• _Work required_:
Where the line containing "6/$20 New Tampa" appears, start repeating, and continue exactly through the last line below, adding nothing. Include no pictures.

• _Stored data_:

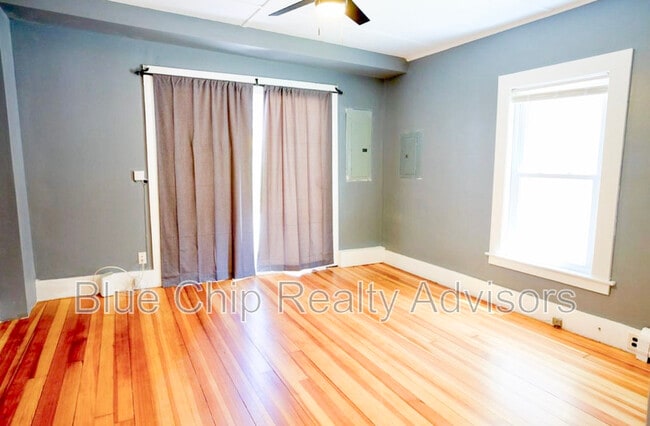 Building Photo - 114 Garvins Falls Rd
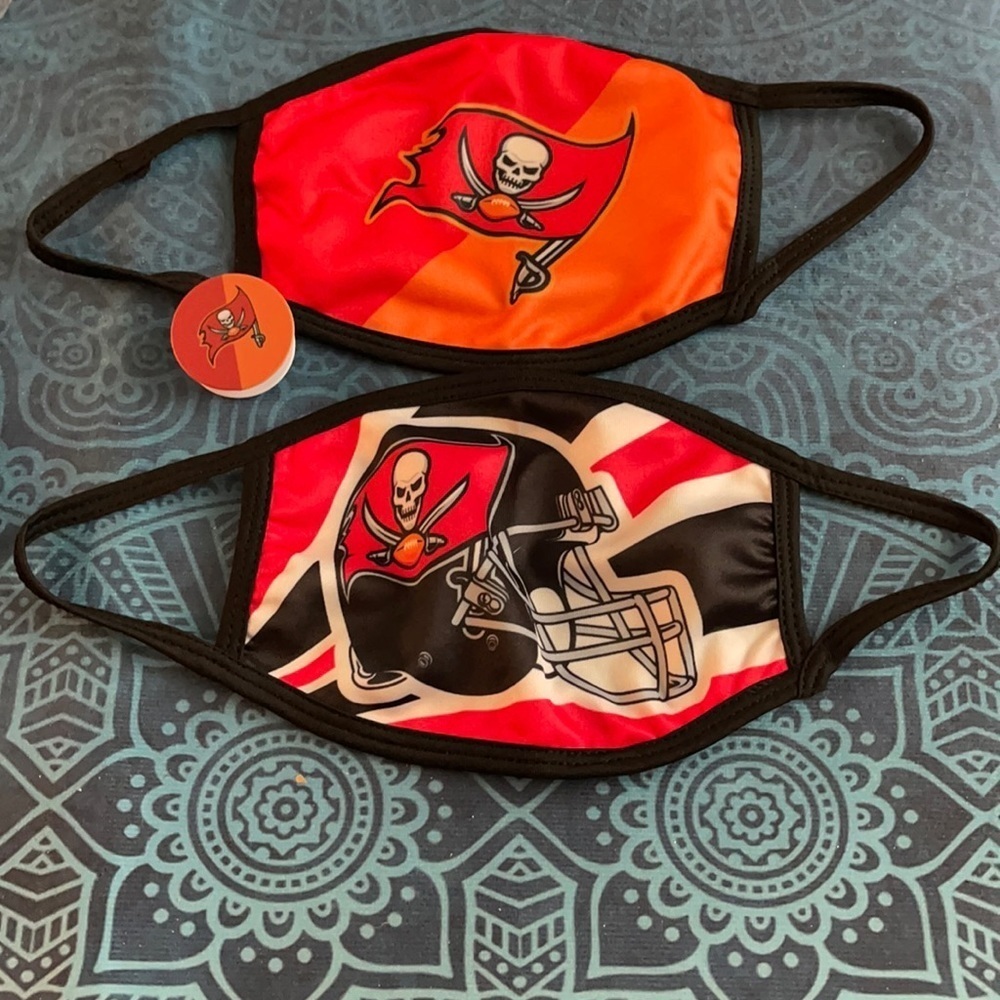 6/$20 New Tampa Bay face masks and pop socket
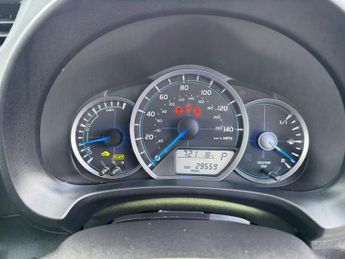 Toyota Yaris 1.5 VVT-h T Spirit CVT Euro 5 5dr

• _Final answer_:
 6/$20 New Tampa Bay face masks and pop socket
 Toyota Yaris 1.5 VVT-h T Spirit CVT Euro 5 5dr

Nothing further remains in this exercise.